By Michael J. Casey
Costa Rica is accelerating the introduction of a new value-added
tax and pursuing other overhauls aimed at improving governance and
spurring growth following a credit ratings downgrade last week by
Moody's Investors Service, the country's president said Monday.
But in an interview, President Luis Guillermo Solís warned that
his country's finances could be detrimentally affected if the U.S.
Federal Reserve too abruptly raises rates over the coming year. The
president was in New York to address the U.N. General Assembly and
meet with investors.
Mr. Solís, who assumed office in May, said the one-notch
downgrade of Costa Rica's rating from an investment-grade Ba1 to
speculative-grade Baa 3 should motivate the country's historically
divided legislature to forge a consensus for tax overhaul. Until
recently, Congress had resisted his government's efforts to
introduce a bill to migrate a selective 13% sales tax to a
comprehensive VAT at the same rate, which aims make it harder to
evade taxes and bring in an additional $555 million annually in
revenue. On Friday, three days after the downgrade, the government
started a dialogue with the legislature's 13 different parties in a
bid to overcome the logjam.
"One of the reasons why Moody's decided to downgrade us was
because the incapacity of governments in the past to agree with the
legislature for comprehensive tax reform," Mr. Solís said in the
interview.
In a statement accompanying its ratings announcement Tuesday,
Moody's took issue with persistently high fiscal deficits, which it
forecast would reach 5.8% of gross domestic product this year and
6% in 2015 in a continuing increase from 4.5% of GDP in 2009. The
deterioration has "materially worsened" Costa Rica's debt burden,
the ratings firm said, noting that government debt-to-GPP is
expected to rise to 40% this year, having been as low as 25% in
2008. The Moody's downgrade puts its rating on par with Fitch
Ratings' BB+, also one notch below investment grade, and a notch
above Standard & Poor's BB rating for Costa Rica.

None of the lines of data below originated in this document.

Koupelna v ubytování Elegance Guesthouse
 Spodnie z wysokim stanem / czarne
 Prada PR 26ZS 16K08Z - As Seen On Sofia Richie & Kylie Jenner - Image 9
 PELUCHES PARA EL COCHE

Mr. Solís said that he is also determined to grow the economy
into a fiscally healthier state, highlighting $2.4 billion in
planned infrastructure expenditures over the next year. With
concerns rising that climate change-led reductions in water supply
will reduce Costa Rica's hydroelectricity supply from 90% of all
power generation to 70%, the government has plans to develop
geothermal power by tapping into the country's volcanic
activity.
To add a targeted two percentage-point increase in the country's
growth rate, bring unemployment down from 9% and poverty down from
20%, Mr. Solís's government is aggressively pitching to foreign
direct investors, talking up the benefits of a relatively
well-educated workforce in its traditional strengths such as health
sciences and high-tech manufacturing. This comes after some recent
exits by foreign companies, including chip maker Intel Corp., which
in the spring announced 1,500 job cuts in the country, and textile
maker Hanesbrands Inc., which said it would relocate its Costa
Rican unit to Vietnam.
Mr. Solis said Intel was building a research lab in the country
and that various other multinationals were also expanding
operations in his country, including consulting firm Accenture,
which on Monday announced it would create 330 new jobs in a new
financial services and accounting division in the country.
"We are tied into the current global scenario," he said.
"Companies come and go and we have to get used to that and we have
to compete in that context."
He is concerned, however, that tighter monetary policy in the
U.S. might disrupt his government's expansion plans.
"I hope that whatever happens it is done in such a way that it
doesn't impose on us the consequences of abrupt change," Mr. Solís
said of the impact of an expected Fed rate increase on Costa Rica
and other emerging-market economies. "We are trying to be sensible
about our own policies and it would be terrible if those
sensitivities are not supported by the United States and other
countries that have such tremendous impact on our economies."